**Extracted entries**

--- --- ---

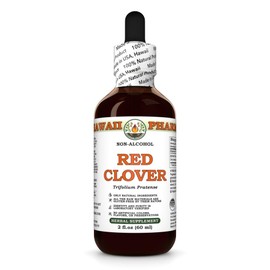 Red Clover (Trifolium Pratense) Dry Seed Glycerite, Made in Hawaii, Organic Raw Materials, All Natural, Vegan, Lab Tested Alcohol-Free Liquid Extract - 2 fl.oz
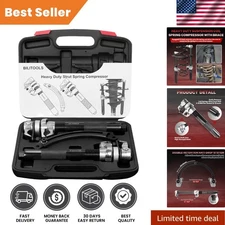 Heavy-Duty Coil Spring Compressor Tool Set - Safety & Reliability Guaranteed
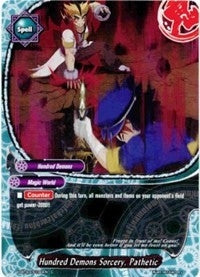 Hundred Demons Sorcery Pathetic (30100) [H-BT03] - Future Card BuddyFight Single
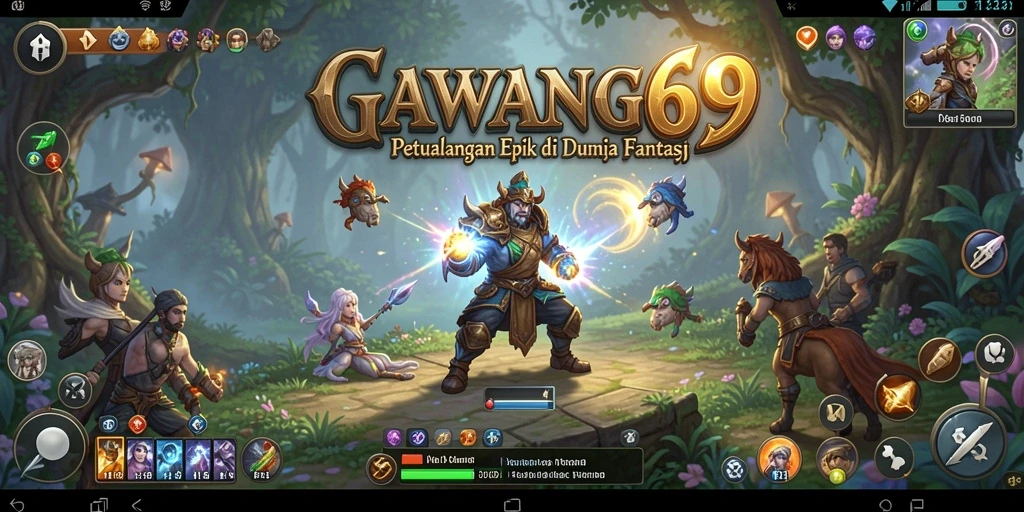 Screenshot gameplay GAWANG69 menampilkan petualangan mendebarkan.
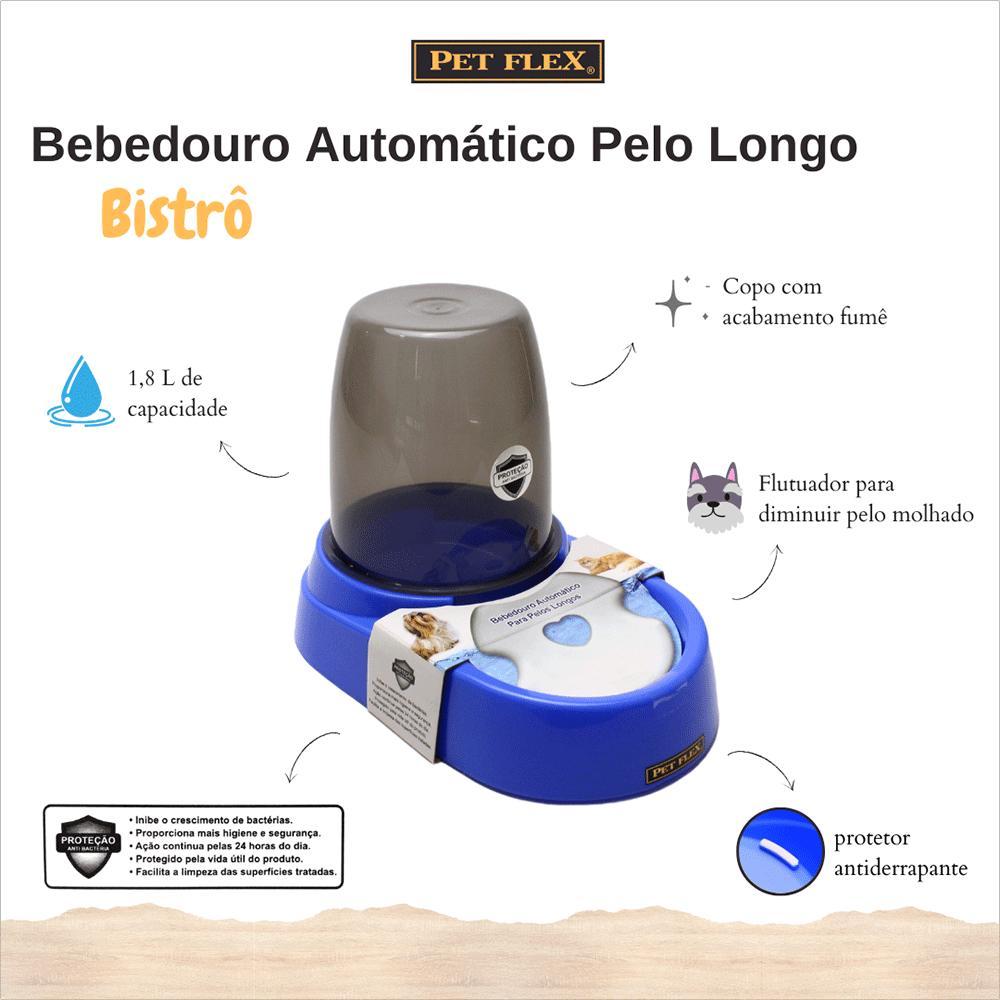 Bebedouro Automático Pelo Longo Pet Flex Azul - 3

--- --- ---

**What the exercise asks**
The records above must be output exactly, except for the pictures.

**Answer to this problem**
 Red Clover (Trifolium Pratense) Dry Seed Glycerite, Made in Hawaii, Organic Raw Materials, All Natural, Vegan, Lab Tested Alcohol-Free Liquid Extract - 2 fl.oz
 Heavy-Duty Coil Spring Compressor Tool Set - Safety & Reliability Guaranteed
 Hundred Demons Sorcery Pathetic (30100) [H-BT03] - Future Card BuddyFight Single
 Screenshot gameplay GAWANG69 menampilkan petualangan mendebarkan.
 Bebedouro Automático Pelo Longo Pet Flex Azul - 3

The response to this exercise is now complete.